WATER RESOURCES RESEARCH GRANT PROPOSAL
Project ID: 2005DE56B
Title: Landowner Perceptions of the Stringency of Water Quality Regulations in Delaware
Project Type: Research
Focus Categories: Law, Institutions, and Policy, Non Point Pollution, Water Quality
Start Date: 05/01/2005
End Date: 02/28/2006
Federal Funds: $1,750
Non-Federal Matching Funds: $3,500
Congressional District: At Large
Surface water quality continues to be a critical problem in Delaware. Currently, 79% of Delaware’s streams and rivers are unsuitable for swimming, and 80% of Delaware’s year-round streams are considered moderately-to-severely damaged. Legislative initiatives, including the federal Clean Water Act and the state Nutrient Management Act, provide a rich portfolio of policies to improve Delaware’s water quality. Yet, waters continue to be impaired and this leads one to wonder whether new policies are needed or whether existing policies must be reconceptualized, targeted, or simply better enforced.
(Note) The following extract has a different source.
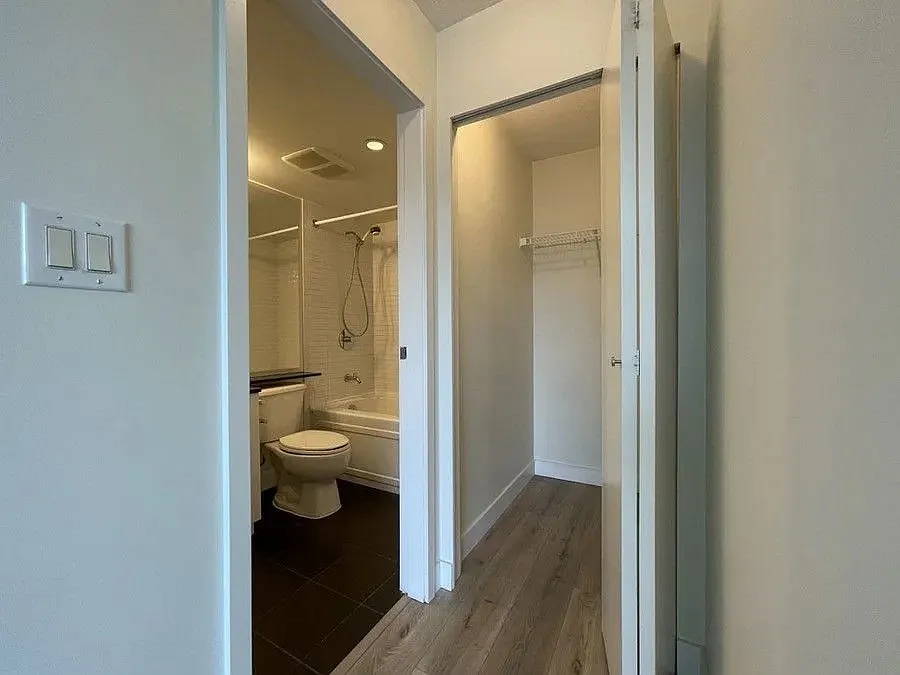 2 bed, 1070 sqft, $3,600 — Photo 4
This problem of policy shortcomings or inadequacies may be examined from various perspectives. Politicians, policy makers, and scientists likely appreciate the tradeoffs between acceptability and effectiveness required to generate workable policies. Yet, the public demands water quality services that may be entirely disconnected from the science. Finally, landowners supply water quality through their atomistic land-use behaviors in ways that do not necessarily correspond to the policy designs.
This project focuses on the third source of problems in water quality policy—understanding landowners’ perceptions of the policy environment.